**Given data:**
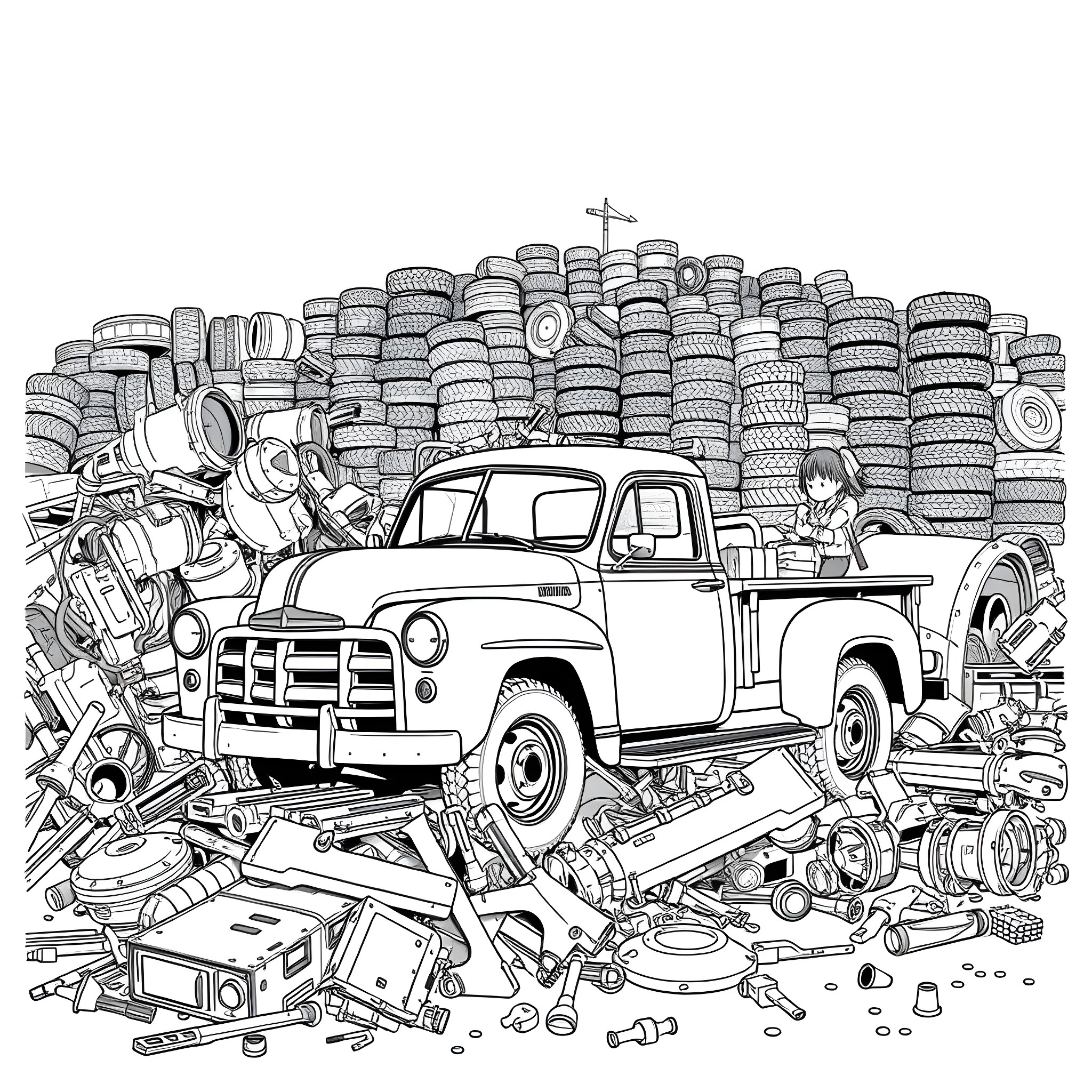 Pick Up Truck Surrounded by Auto Parts Coloring Page (free black-and-white line drawing printable PDF for all, from beginners to advanced learners, including children, teens, adults, and seniors)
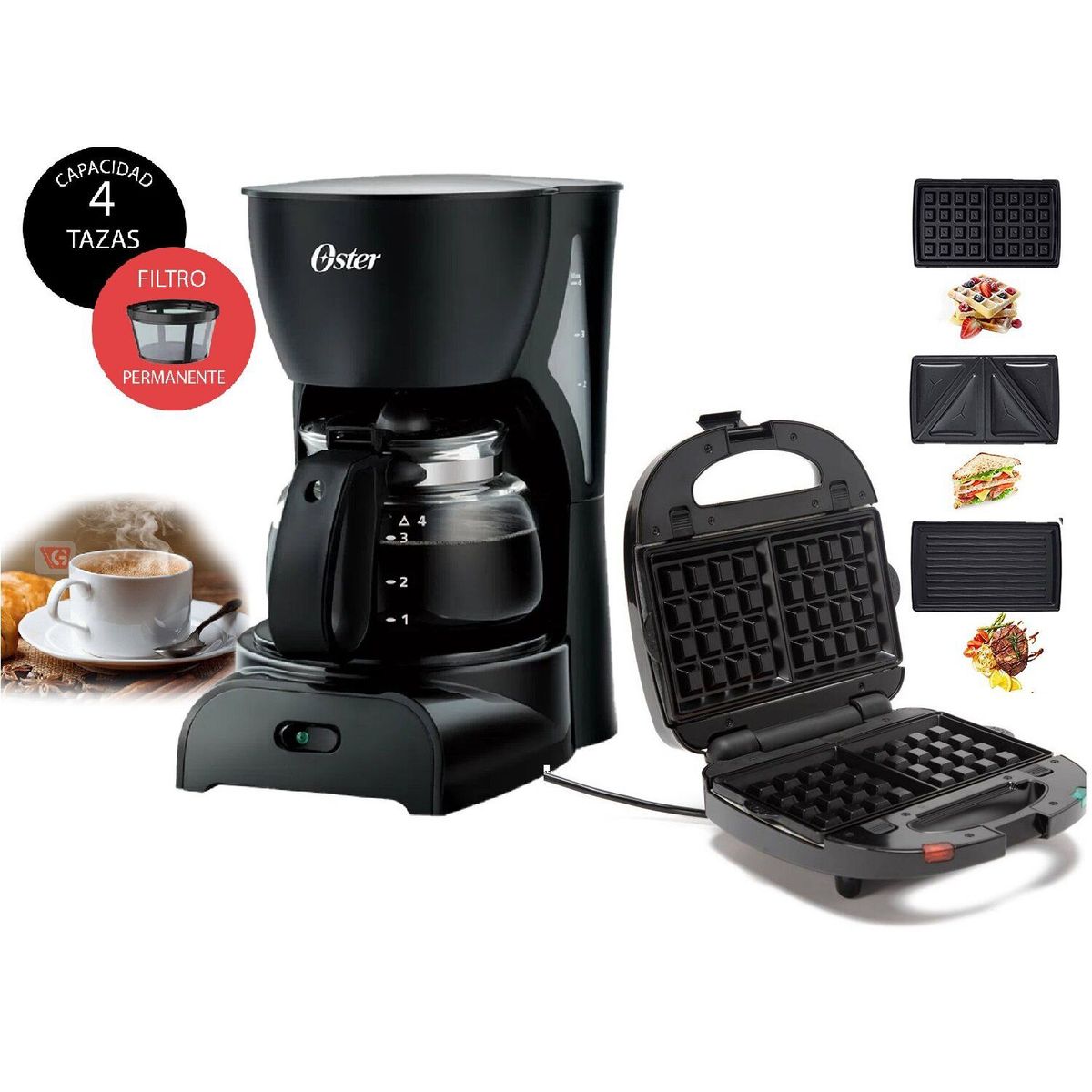 WURDEN - Combo Sandwichera Waflera 3 En 1 + Cafetera 4T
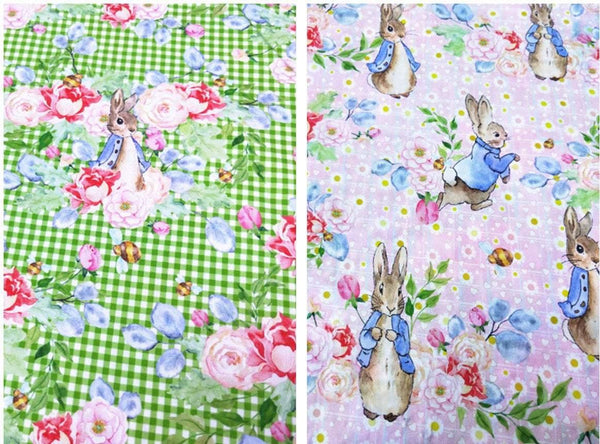 Peter Rabbit with Rose! 1 Meter Top Quality Printed Plain Cotton Fabric, Fabric by Yard,  Cotton Fabrics for  Style Clothing, Bags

**Problem details:** A faithful copy is needed of the lines from the one containing "WURDEN - Combo" through the last line of the data above, with pictures left out.

**Result for this exercise:**
 WURDEN - Combo Sandwichera Waflera 3 En 1 + Cafetera 4T
 Peter Rabbit with Rose! 1 Meter Top Quality Printed Plain Cotton Fabric, Fabric by Yard,  Cotton Fabrics for  Style Clothing, Bags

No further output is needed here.